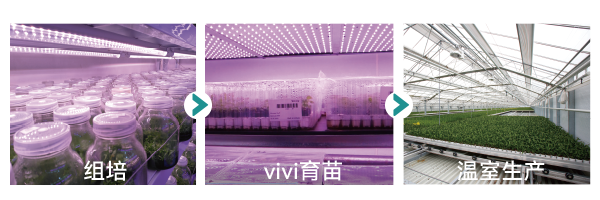 模块化栽培架
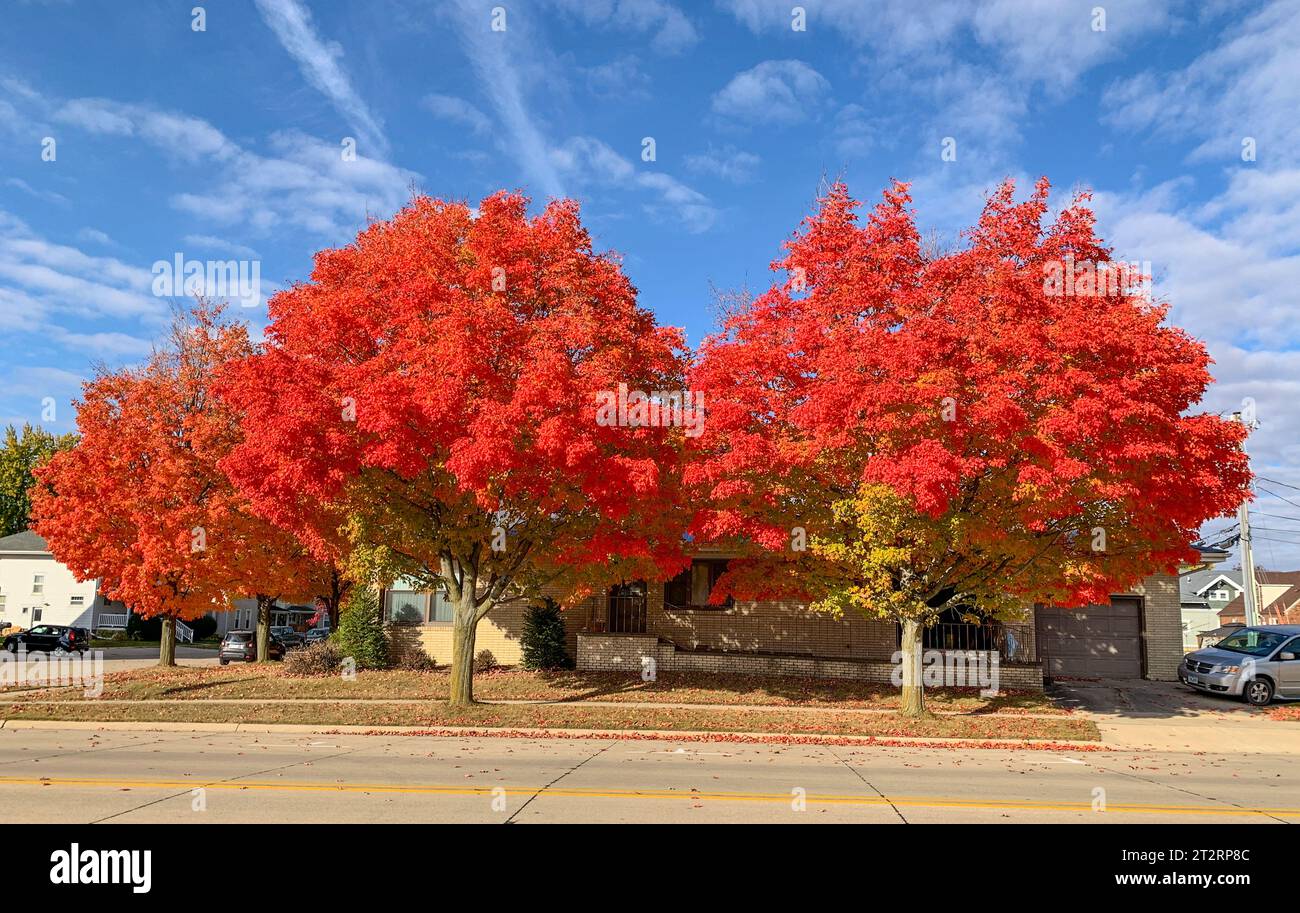 Dyersville, Iowa, États-Unis. Couleur d'automne dans les arbres d'érable rouge. Banque D'Images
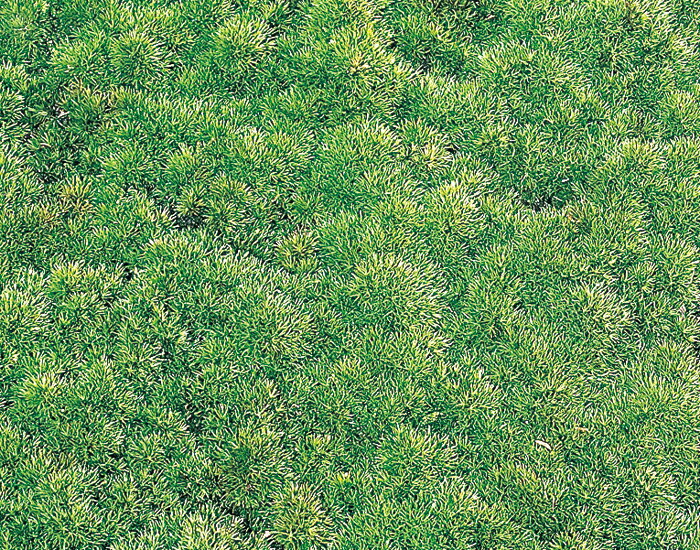 �ߺ� �� �֥�ޥ����ʥѥå�����ˡ� �ߺϤ�ɽ�ڤβ��� �ݶ� ��ȭ �ƥ�ꥦ�� �߷� ���Υ��饦��ɥ��С��ʤ�����¿��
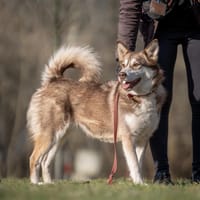 Sari, suczka do adopcji
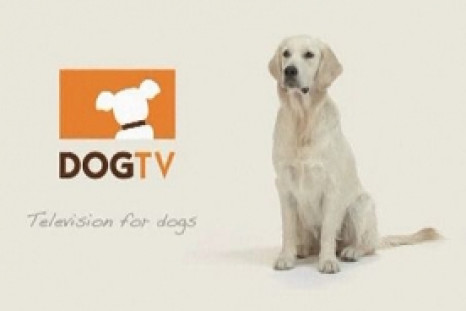 World's First Television Channel Launched For Dogs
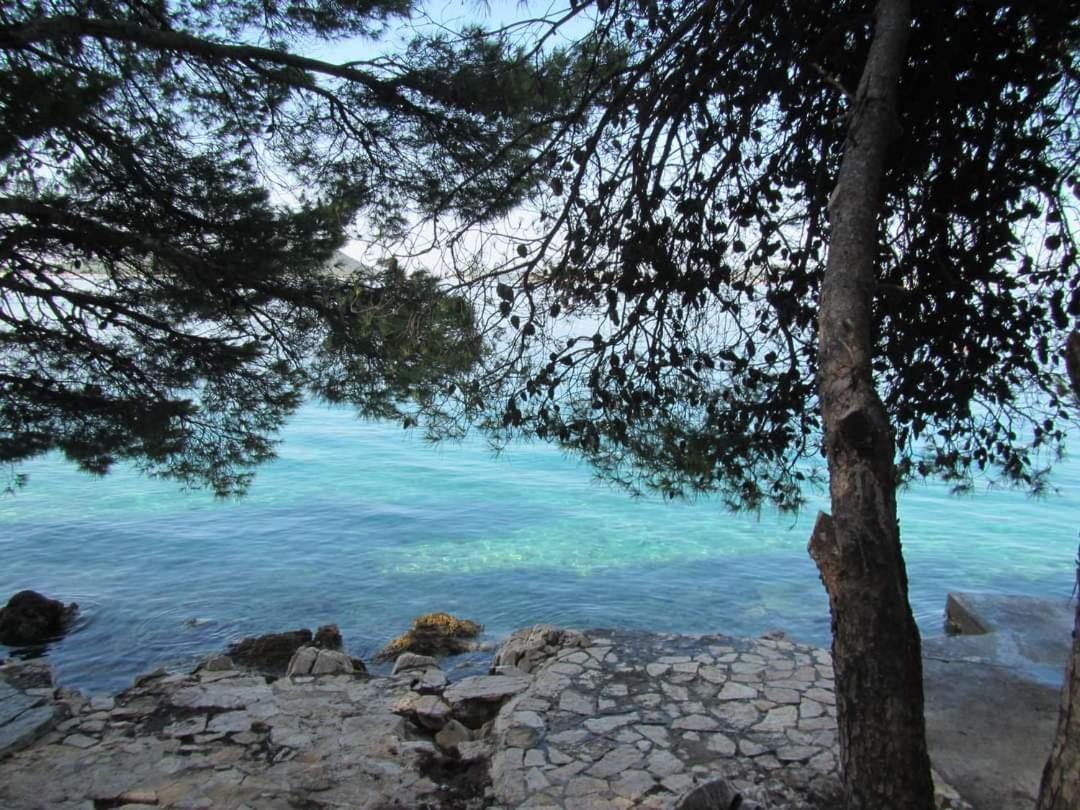 Apartmani Zoran Drage Buitenkant foto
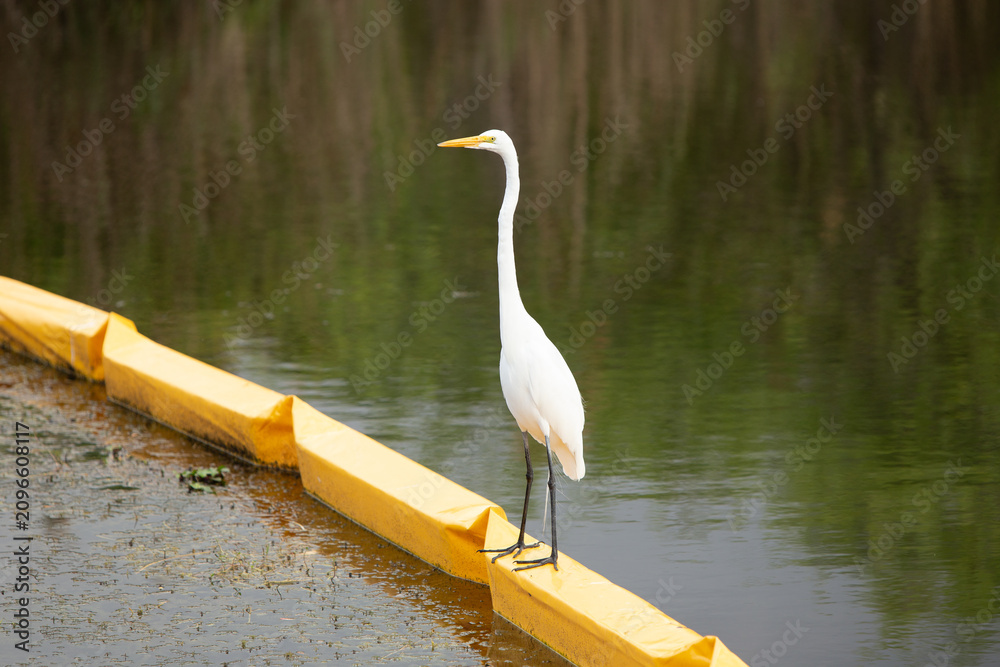 Obraz premium Great Egret Perched on Yellow Turbidity Containment Boom in Waterway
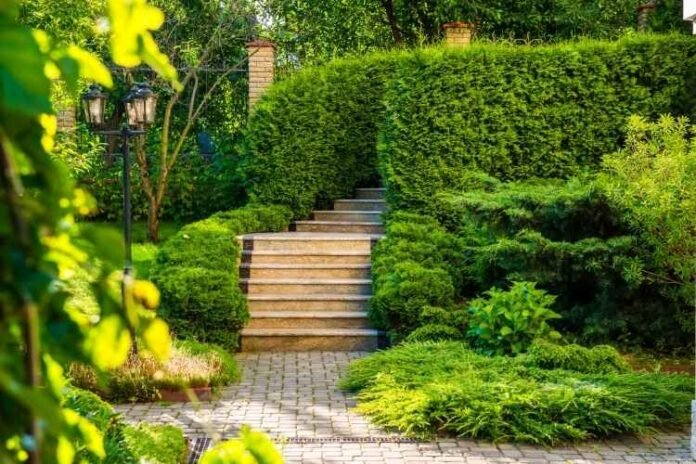 landscape-design landscape-design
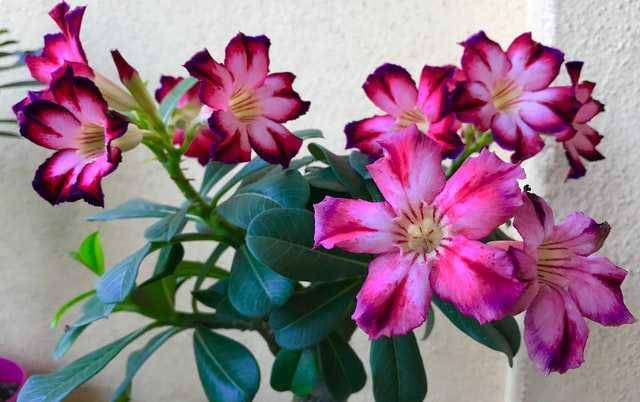 ilustrasi adenium obesum (pexels.com/Chee Seng Chin)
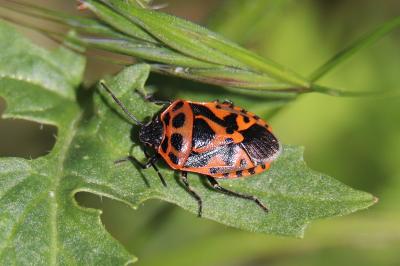 <i>Eurydema ornata</i>
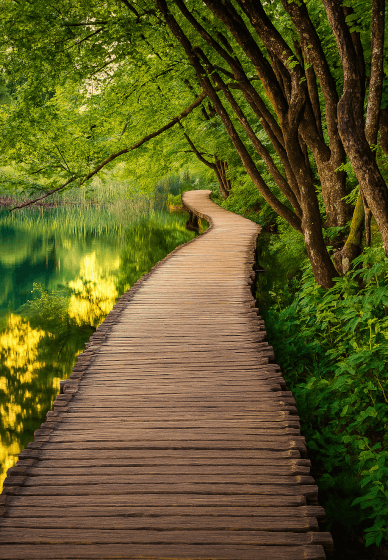 The Path of Transformation: Intro Class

*What you should do*. When you reach an image, pass over it, and retype all other material exactly.

*The answer*.
 模块化栽培架
 Dyersville, Iowa, États-Unis. Couleur d'automne dans les arbres d'érable rouge. Banque D'Images
 �ߺ� �� �֥�ޥ����ʥѥå�����ˡ� �ߺϤ�ɽ�ڤβ��� �ݶ� ��ȭ �ƥ�ꥦ�� �߷� ���Υ��饦��ɥ��С��ʤ�����¿��
 Sari, suczka do adopcji
 World's First Television Channel Launched For Dogs
 Apartmani Zoran Drage Buitenkant foto
 Obraz premium Great Egret Perched on Yellow Turbidity Containment Boom in Waterway
 landscape-design landscape-design
 ilustrasi adenium obesum (pexels.com/Chee Seng Chin)
 <i>Eurydema ornata</i>
 The Path of Transformation: Intro Class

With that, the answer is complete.